--- YOUR TASK ---
Everything in the entries below must be reproduced exactly, except the images.

--- DATA PROVIDED ---
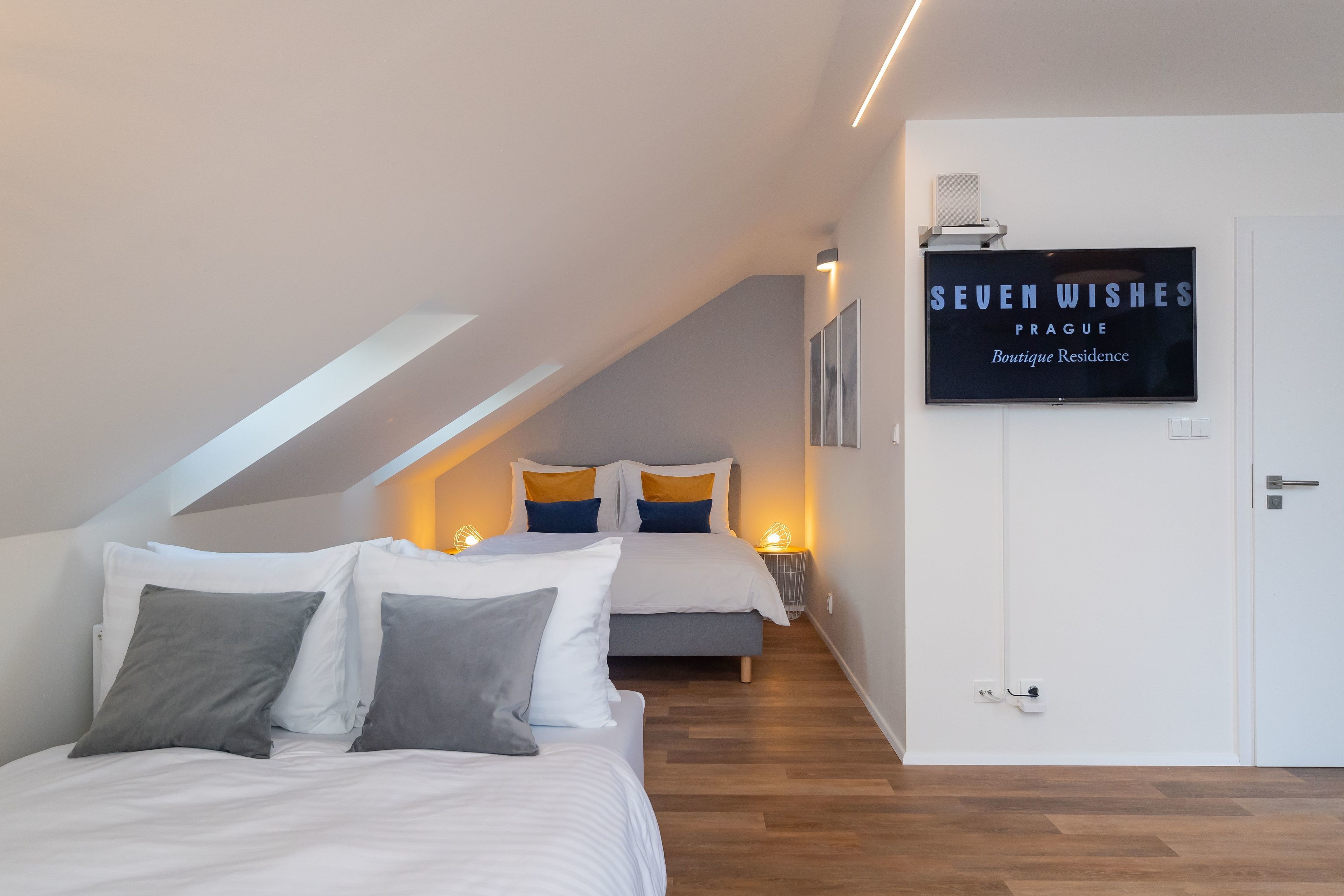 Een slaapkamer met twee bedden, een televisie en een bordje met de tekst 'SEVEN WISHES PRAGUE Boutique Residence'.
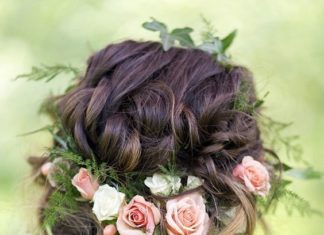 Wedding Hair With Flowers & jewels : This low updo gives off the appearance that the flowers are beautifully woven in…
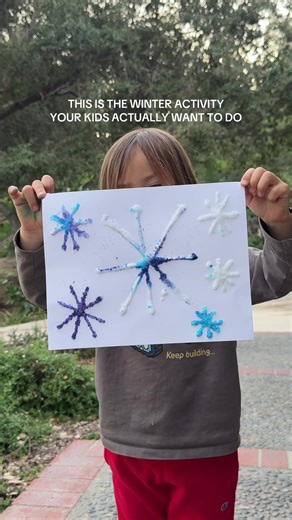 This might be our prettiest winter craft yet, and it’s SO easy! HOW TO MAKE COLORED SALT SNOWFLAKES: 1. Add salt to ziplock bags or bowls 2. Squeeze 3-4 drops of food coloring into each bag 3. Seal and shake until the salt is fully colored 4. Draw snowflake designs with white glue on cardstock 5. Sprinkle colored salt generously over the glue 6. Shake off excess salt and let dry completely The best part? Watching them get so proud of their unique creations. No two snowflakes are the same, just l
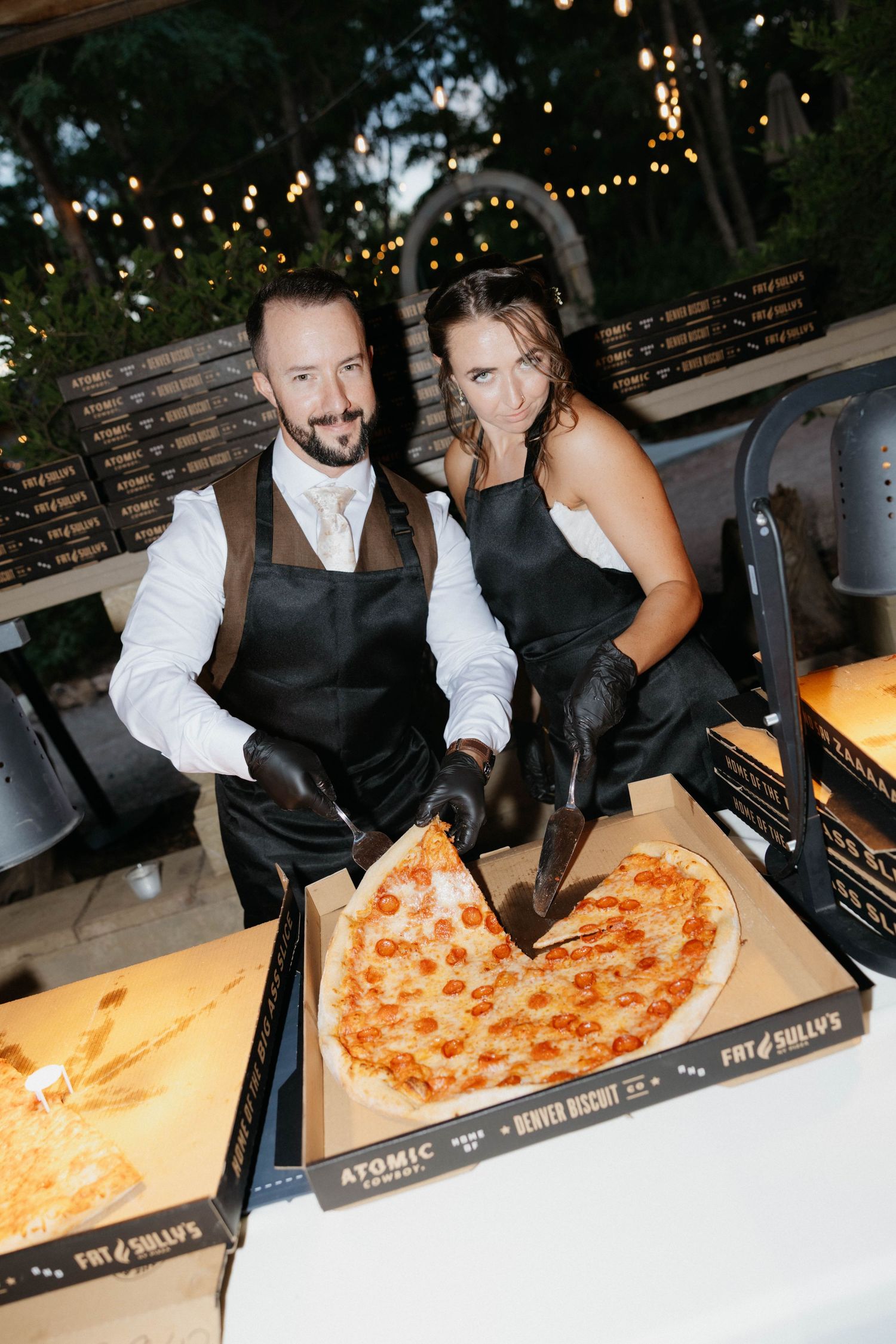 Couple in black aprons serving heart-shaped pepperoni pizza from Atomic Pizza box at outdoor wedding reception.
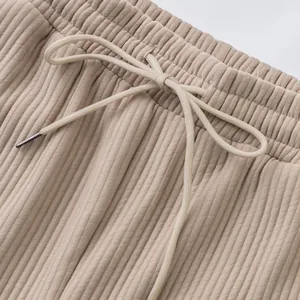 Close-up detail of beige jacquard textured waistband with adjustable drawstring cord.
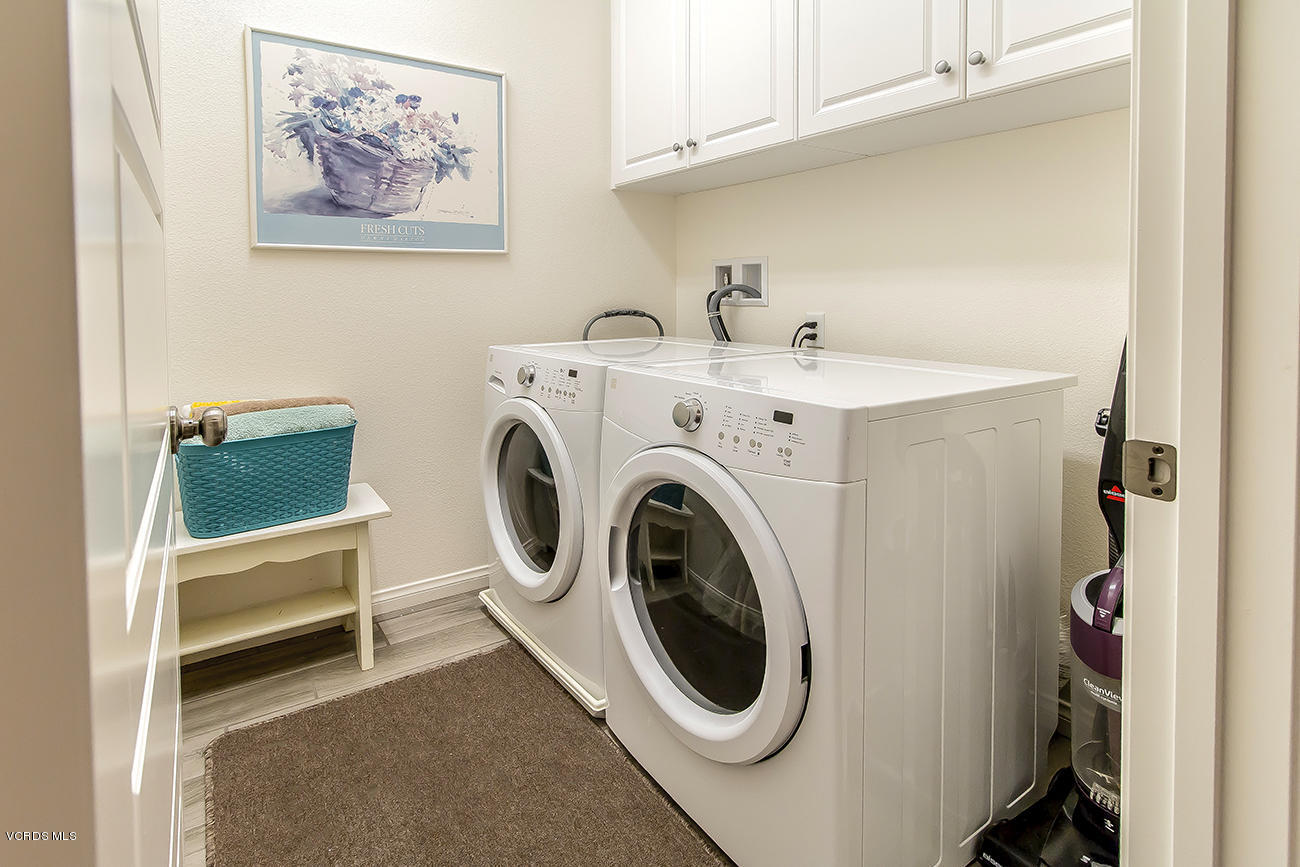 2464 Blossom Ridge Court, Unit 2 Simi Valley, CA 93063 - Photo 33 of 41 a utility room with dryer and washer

--- TASK ANSWER ---
 Een slaapkamer met twee bedden, een televisie en een bordje met de tekst 'SEVEN WISHES PRAGUE Boutique Residence'.
 Wedding Hair With Flowers & jewels : This low updo gives off the appearance that the flowers are beautifully woven in…
 This might be our prettiest winter craft yet, and it’s SO easy! HOW TO MAKE COLORED SALT SNOWFLAKES: 1. Add salt to ziplock bags or bowls 2. Squeeze 3-4 drops of food coloring into each bag 3. Seal and shake until the salt is fully colored 4. Draw snowflake designs with white glue on cardstock 5. Sprinkle colored salt generously over the glue 6. Shake off excess salt and let dry completely The best part? Watching them get so proud of their unique creations. No two snowflakes are the same, just l
 Couple in black aprons serving heart-shaped pepperoni pizza from Atomic Pizza box at outdoor wedding reception.
 Close-up detail of beige jacquard textured waistband with adjustable drawstring cord.
 2464 Blossom Ridge Court, Unit 2 Simi Valley, CA 93063 - Photo 33 of 41 a utility room with dryer and washer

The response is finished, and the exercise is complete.